PROBLEM TO SOLVE ->
Could you return all of the entries below exactly, minus the pictures?

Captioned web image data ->
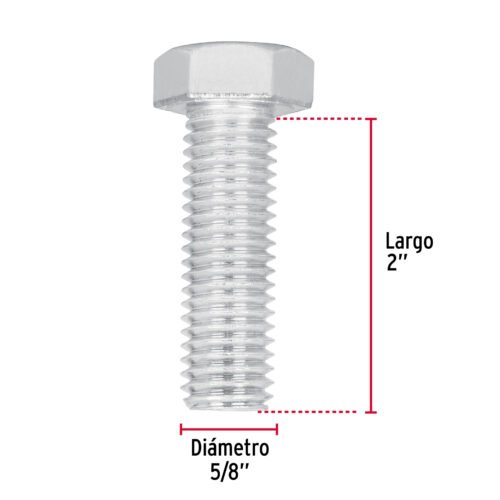 44669 - Bolsa con 10 tornillos 5/8" x 2" tipo máquina, FIERO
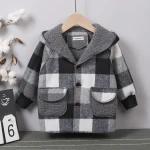 2021 New winter hoodie and plaid jacket baby jacket boy's top
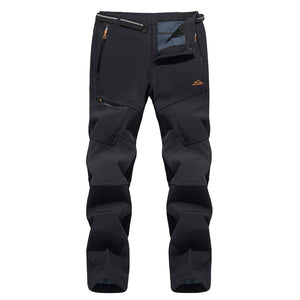 TACVASEN Khaki Men's Fleece Lined Windproof Water Resistant Ski Pants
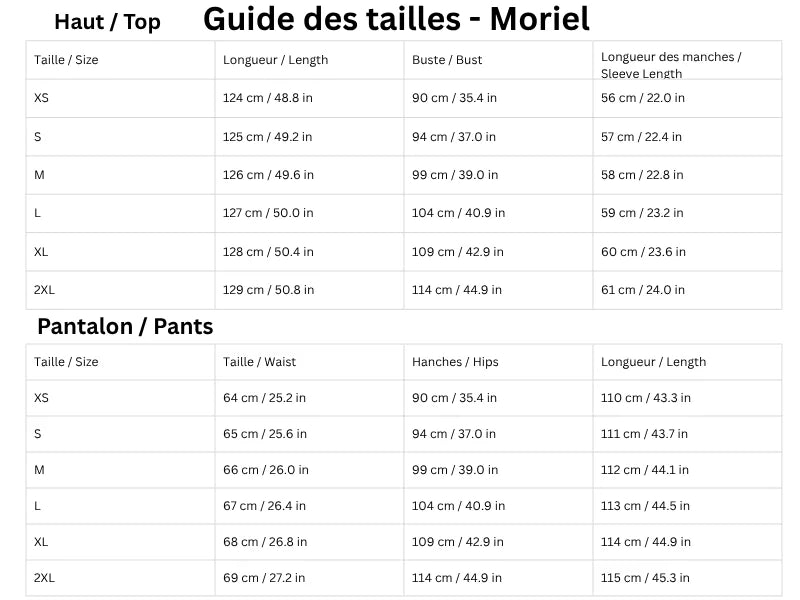 Guide des tailles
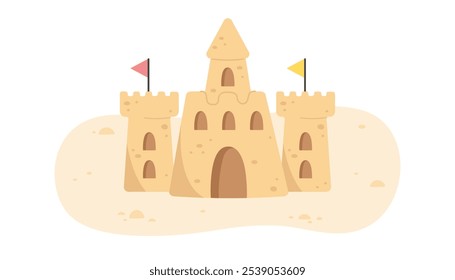Castelo de areia com torres e bandeiras na praia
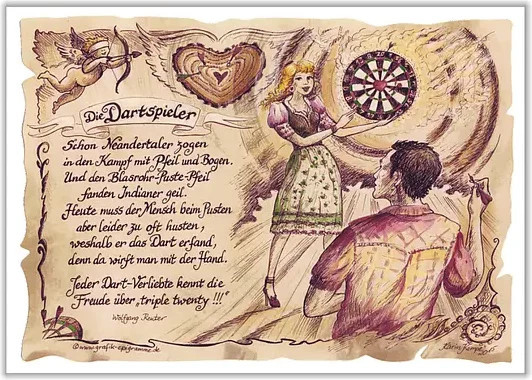 Tantum Graphic Wandposter Sportbild Dartspieler auf Antikpapier, Mehrfarbig, A4 - Bild 1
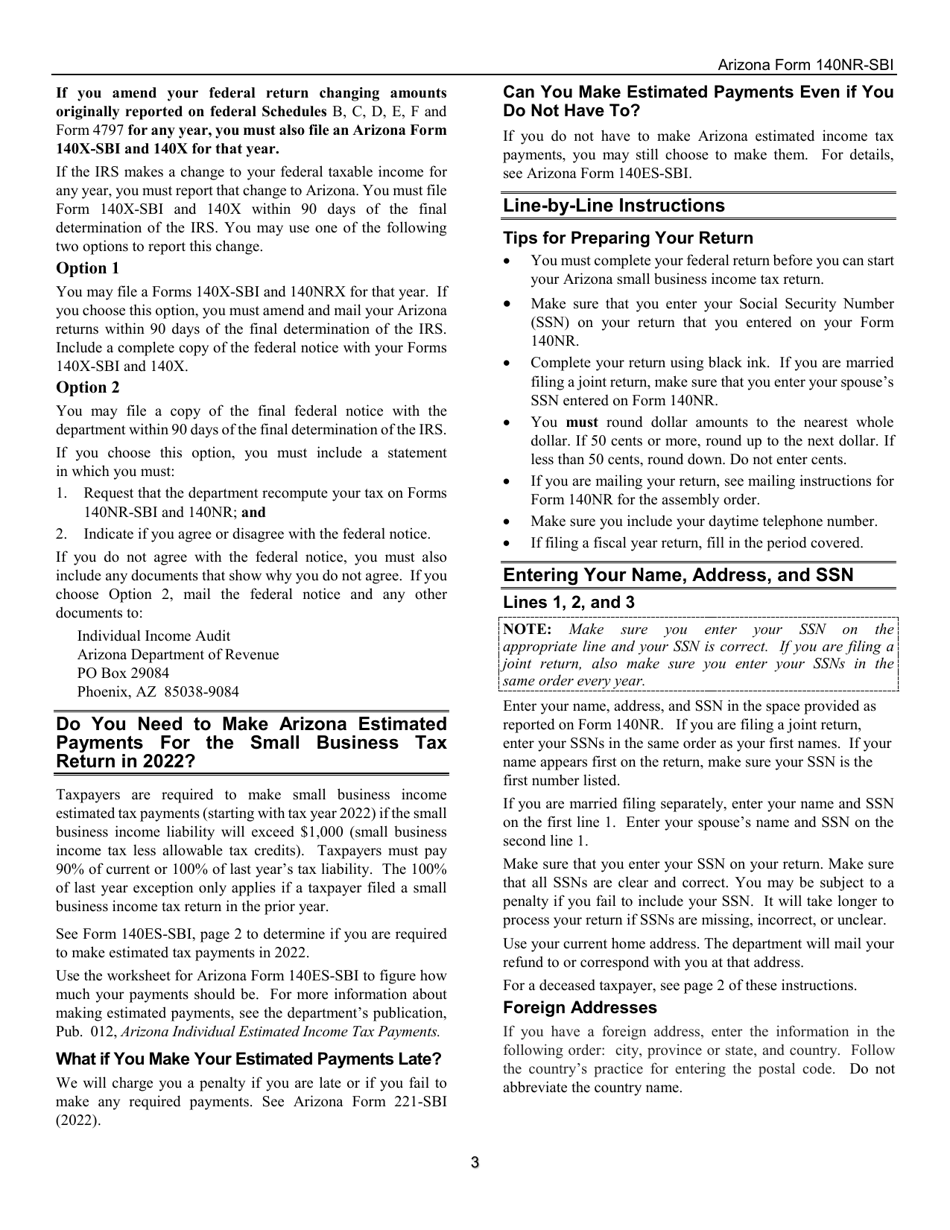 Download Instructions For Arizona Form 140nr-sbi, Ador11408 Small 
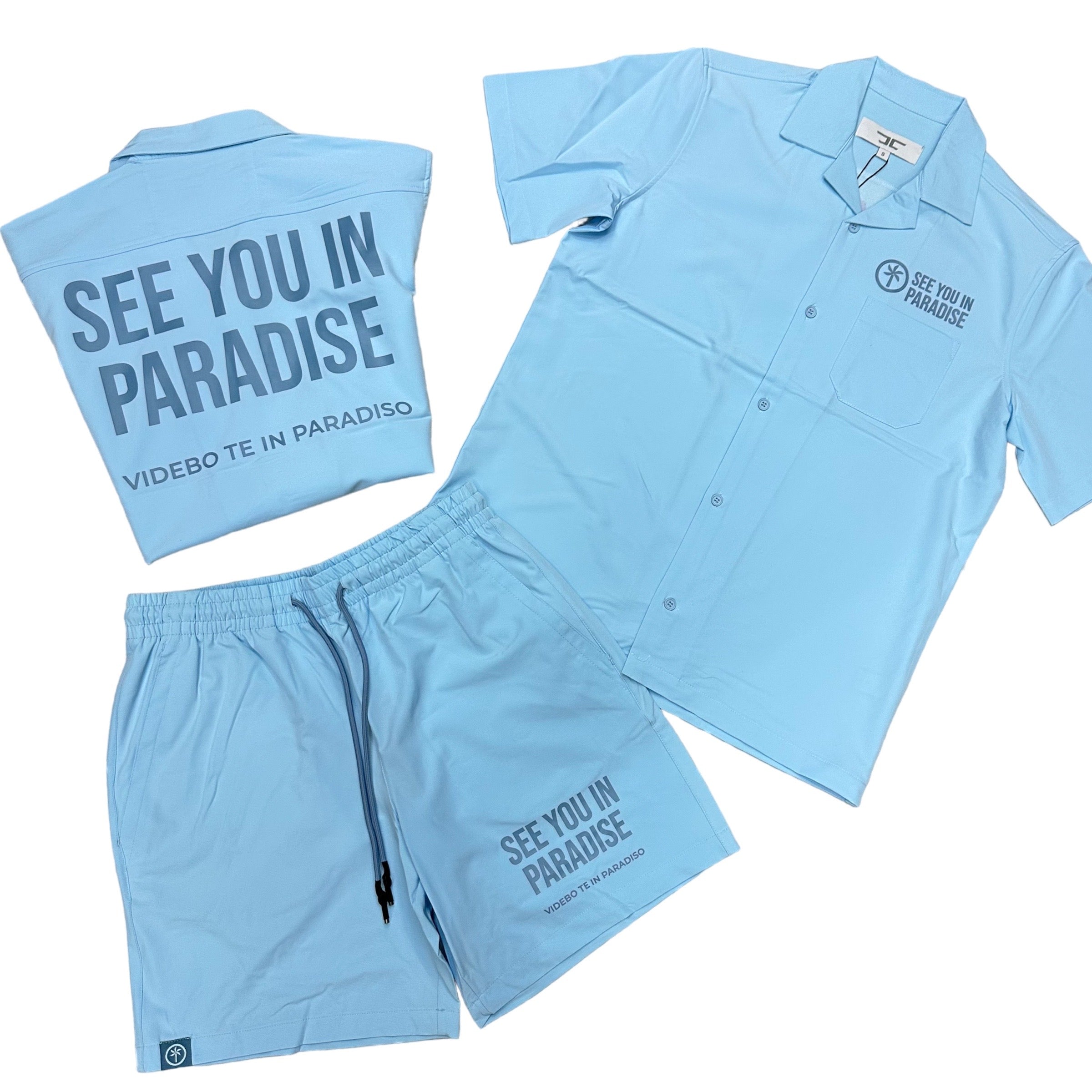 JC See You In Paradise TONE Shirt Set Blue 2554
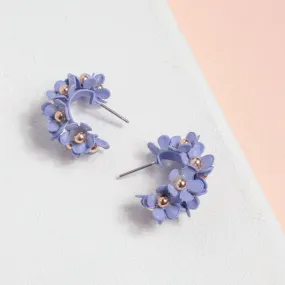 Lilac Floral Huggie Hoops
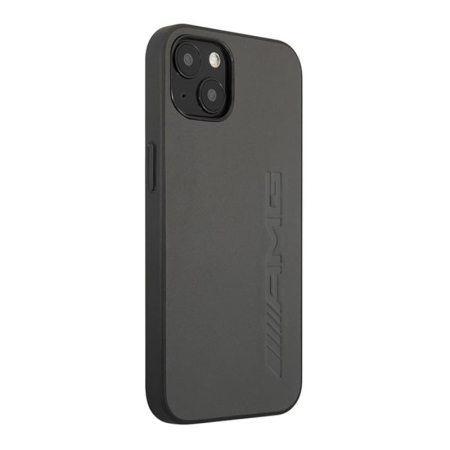 Чехол AMG для iPhone 13 Genuine leather Big logo Hard (AMHCP13MDOLGR) Черный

EXERCISE RESPONSE ->
 44669 - Bolsa con 10 tornillos 5/8" x 2" tipo máquina, FIERO
 2021 New winter hoodie and plaid jacket baby jacket boy's top
 TACVASEN Khaki Men's Fleece Lined Windproof Water Resistant Ski Pants
 Guide des tailles
Castelo de areia com torres e bandeiras na praia
 Tantum Graphic Wandposter Sportbild Dartspieler auf Antikpapier, Mehrfarbig, A4 - Bild 1
 Download Instructions For Arizona Form 140nr-sbi, Ador11408 Small 
 JC See You In Paradise TONE Shirt Set Blue 2554
 Lilac Floral Huggie Hoops
 Чехол AMG для iPhone 13 Genuine leather Big logo Hard (AMHCP13MDOLGR) Черный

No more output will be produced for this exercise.